Cavegirl is a 2002–03 British TV series created and written by Daniel Peacock. It starred Stacey Cadman, Stephen Marcus and Lucinda Rhodes-Flaherty. It followed the adventures of a teenage cavegirl. Although based in a Stone Age world, there are many references to modern pop culture and in a similar vein to The Flintstones there are many ancient versions of modern inventions featured. Its theme tune is a cover version of "Go Wild in the Country", sung by Stacey Cadman. It was developed by Dan and Producer Georgia Dussaud. Daniel Peacock's production company Two Hats Film and TV eventually produced. It featured many of the same actors that also appeared in Peacock's other productions, such as Harry and Cosh and Billie: Girl from the Future.

== Plot ==
The main characters are Cavegirl herself and her family Dad, Mum, Big Sis, Gran and Little Bro. Other tribe members feature prominently. Cavegirl is a pretty, feisty individual and a bit of a tomboy although during the series she begins to become interested in boys and many of the storylines involve her becoming more mature. Big Sis is very interested in her appearance and how boys see her. She is also rather shallow. Dad is the stereotypical rugged caveman, although he is protective of his children, and is the chief of the tribe.
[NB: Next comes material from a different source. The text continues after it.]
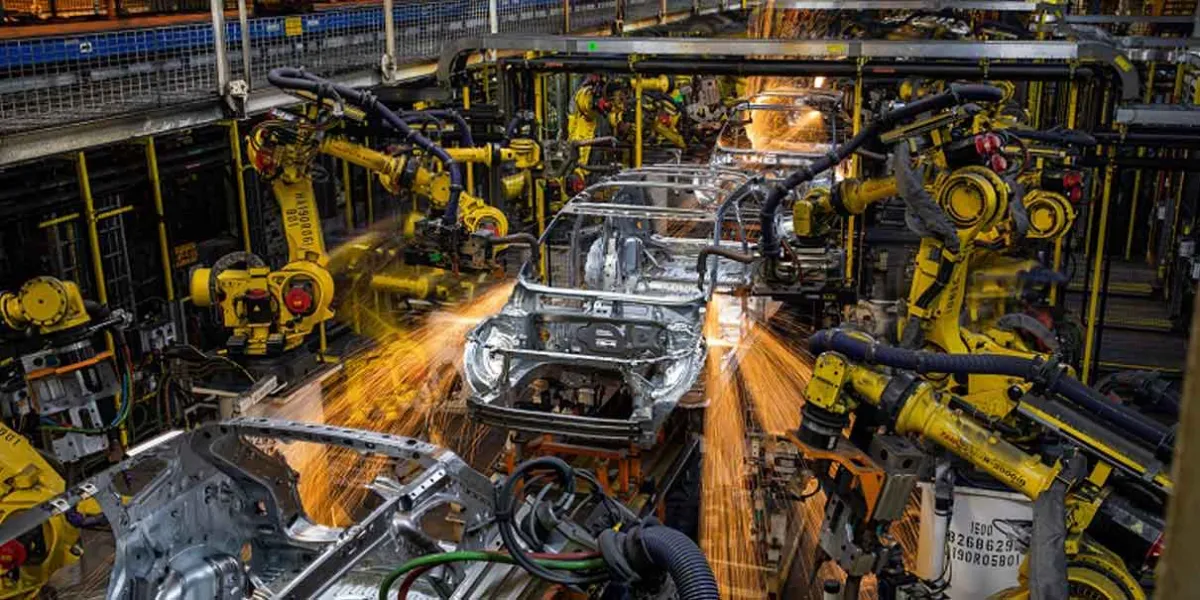 General Motors reduce la producción en su planta de Silao, México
Mum is a little dozy and Gran is very young at heart and more than a little crazy. Little Brother is curious about the world and often annoys Cavegirl immensely.
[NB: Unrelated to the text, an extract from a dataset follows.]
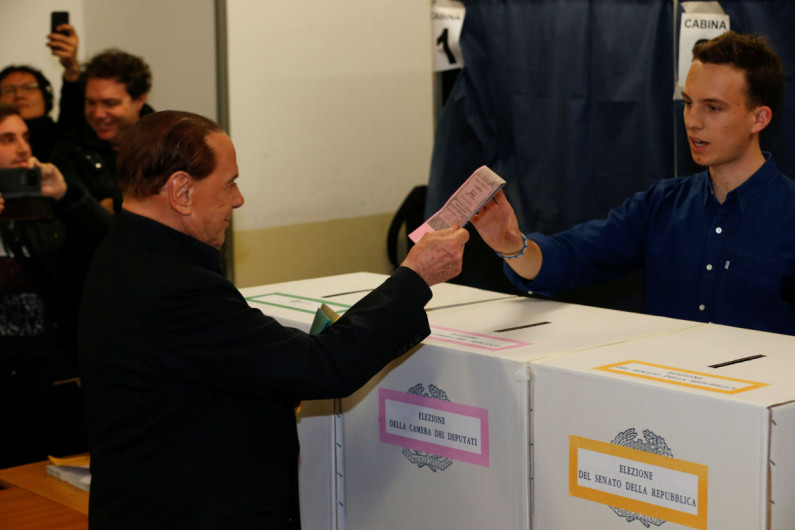 Realizan votaciones en Italia para diputaciones y senadores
In season 2, Dad has left to look for new hunting grounds, and a new character, "Chief", has replaced him. In a flashback episode near the end of the season it was shown that Dad left Mum in charge, but she lost a bet with "The Chief of the Tribe to the North" and the tribes merged to form a larger one.

== Cast ==
- Stacey Cadman – Cavegirl
- Lucinda Rhodes-Flaherty – Big Sis
- Stephen Marcus – Dad (season 1)
- Jennifer Guy – Mum
- Kenneth Collard – Chief (season 2)
- Gabrielle Downey – Gran
- Chad Burton – Little Bro
- Brett Goldin – Pigball Star Player
- T.J. Sorrell – Sticks the Saucy
- Paul Leyshon – Trunk the Tasty
- Harry Capehorn – Roast the Rugged
- Tanya Baleson – Netal
- Daniel Peacock – Roast's father

== Filming ==
Cavegirl was filmed in Western Cape Province, South Africa, based around Cape Town. Locations included Cederberg, Stadsaal Caves and the pools at Tweede Tol. In 2004 the Cavegirl series won The Children's Award at the BBC's 12th Annual Awards Ceremony for Independent Producers. It was aired on the BBC in the UK, BBC Kids in Canada and British Forces Broadcasting Service throughout the world. The BBC released a DVD and VHS containing some of the episodes entitled Cavegirl Rocks! on 30 June 2003.

== Proposed film version ==
Producer Andy Bell later acquired all IP rights to Cavegirl and Cavegirl: The Movie (screenplay developed with the BFI, but has not yet been produced to date).